やがてドアが開く音が聞こえ、唱吾は視線をそちらに向けた。心なしか顔色の悪い歌乃が、少しおぼつかない足取りでこちらに向かってくる。  
「大丈夫か?」  
「うん・・・・・・異常は無いけど、疲労が激しいから早く家に戻って休んだ方がいいって」  
「そうか。車を手配しておいたから、今日はそれで帰るといい」  
「分かった・・・・・・」  
やはりつらいのだろう、いつもの明るい笑顔は見えない。  
唱吾は、ふらふらと脇を通り過ぎようとする彼女の手を掴んだ。  
驚いたように振り向く歌乃に、溜め息混じりに告げる。  
「今にも倒れそうじゃないか。車まで送っていくよ」  
その言葉を聞いた歌乃は、弱々しく笑みを浮かべた。  
「ありがと」  
「別に。礼には及ばないさ。途中で転んで手に怪我でもされたら困るしね」  
歌乃の手を引いて歩きながら、唱吾は微かに自嘲するような笑みを浮かべた。  
手を惹かれて歩く歌乃には、前を歩く唱吾の表情は見えていない。  
 
彼女は、今自分の手を握っているのが外見よりもっと醜い心を持っている男だと気付いているだろうか?  
彼女が思っているよりもずっと、汚い人間だと。  
・・・・・・いや、きっと気付いていないだろう。  
そうでなければ、平気な顔で縋れるはずがない。笑いかけられるはずがない。  
もしこの心の全てを知ったとして、彼女はどう反応するだろう。  
軽蔑するだろうか。それとも受け入れるのだろうか。  
 
『僕には分からない』  
一瞬の逡巡の後、唱吾は自分の問いにそう答えた。  
欲しい物なら金で手に入れればいい。金で手に入らないものならば自分から嫌いになってしまえばいい。  

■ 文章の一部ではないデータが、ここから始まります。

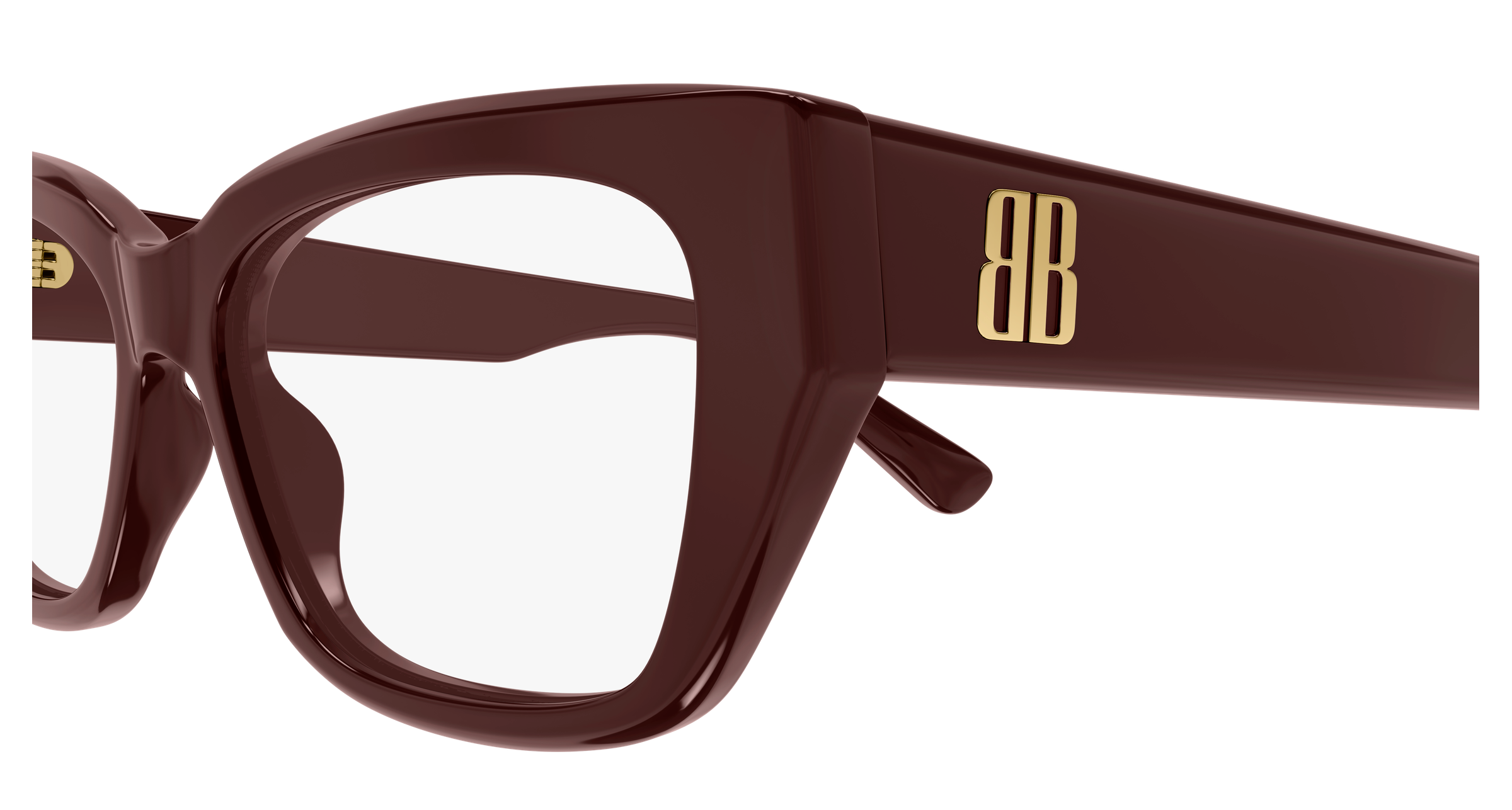 BALENCIAGA BB0483O 003 55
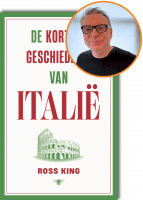 boekentip van onze reisleider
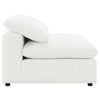 Raleigh Armless Chair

そう生きてきた唱吾にとって、利用されるぐらいなら万引き少女に戻った方がマシだと言い切った歌乃は理解不能の存在だった。  
 
理解出来ない。  
彼女の笑顔を見る度に沸き起こるこの感情の名も。  
金で動くような人間ではない彼女にどうしようもなく苛つく理由も。  
理解などしたくない。  
金で手に入らないものなら嫌ってしまえばいい。  
この感情の正体をはっきりと理解したとして、どうなるというのだ。  
金で手に入らないものを追いかけるほどの情熱など、持ち合わせてはいないのだから。  
 
停まっている迎えの車まで、あと数メートル。  
もう少しだけ。もう少しだけ、このままで。  
そう願う自分の心の声に気付き、唱吾は自嘲するような笑みを苦笑に変えた。